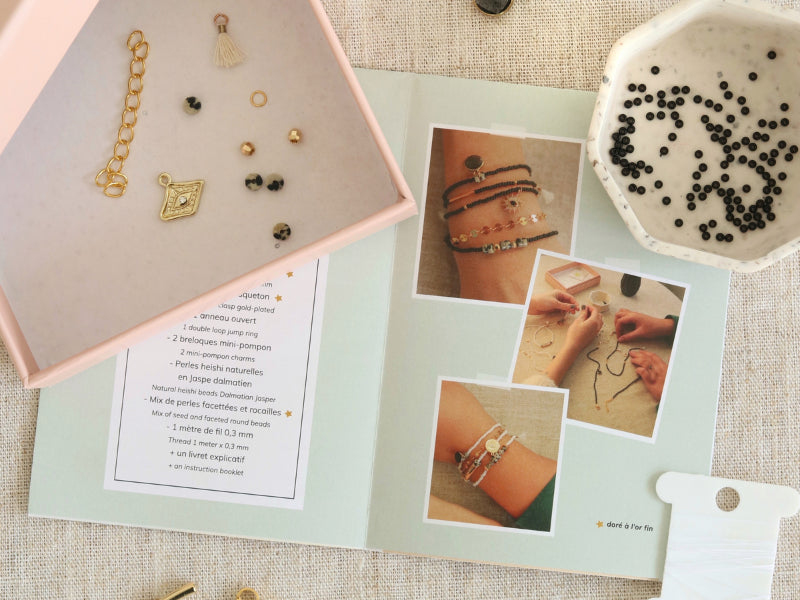 achat Kit DIY Bijouterie - Mon bracelet perlé multirang - Blanc
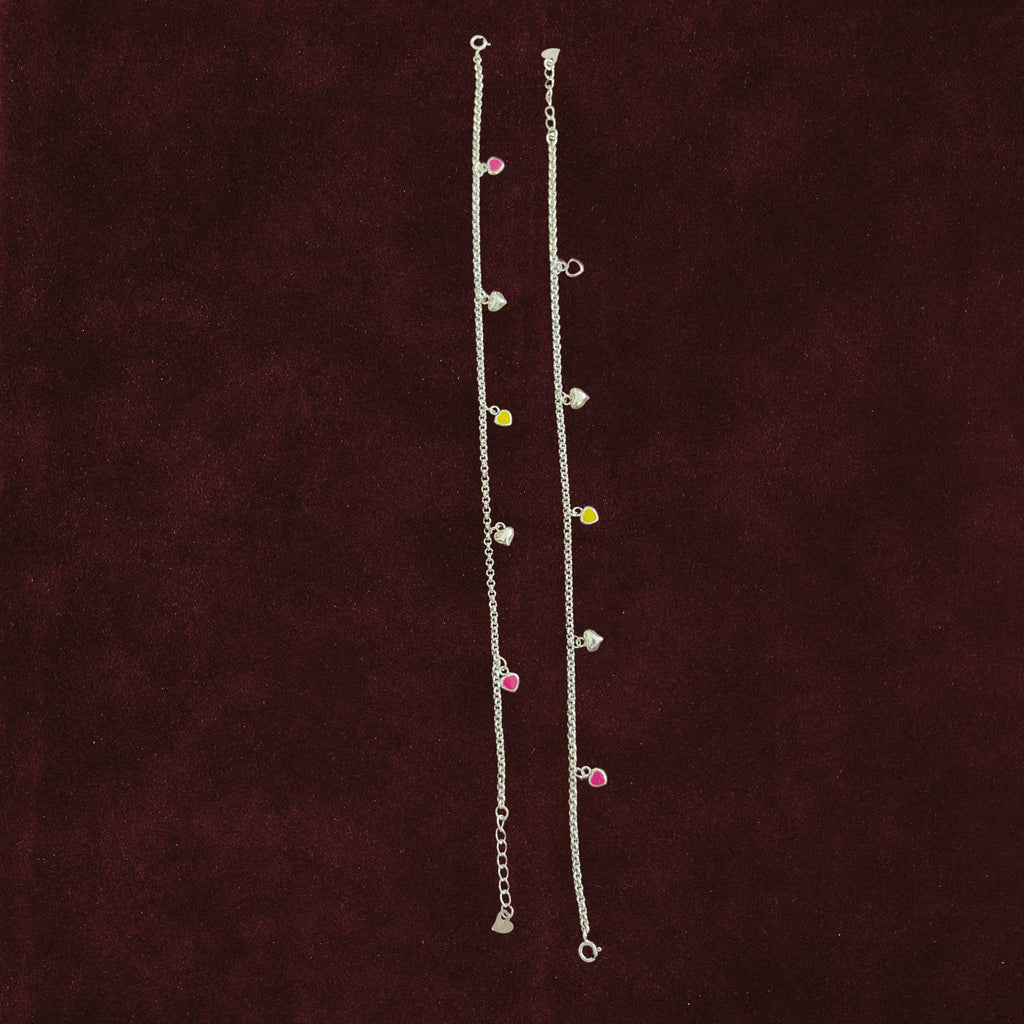 Vibrant Heart Charm Anklet Pair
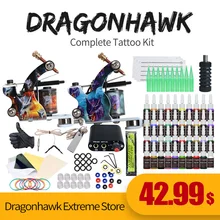 Полный комплект татуировки пулемёты Иглы Начинающий набор чернил Набор тату источник питания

-- Work required --
Keep every word of the material exactly as given. Drop the pictures.

-- Result --
 achat Kit DIY Bijouterie - Mon bracelet perlé multirang - Blanc
 Vibrant Heart Charm Anklet Pair
 Полный комплект татуировки пулемёты Иглы Начинающий набор чернил Набор тату источник питания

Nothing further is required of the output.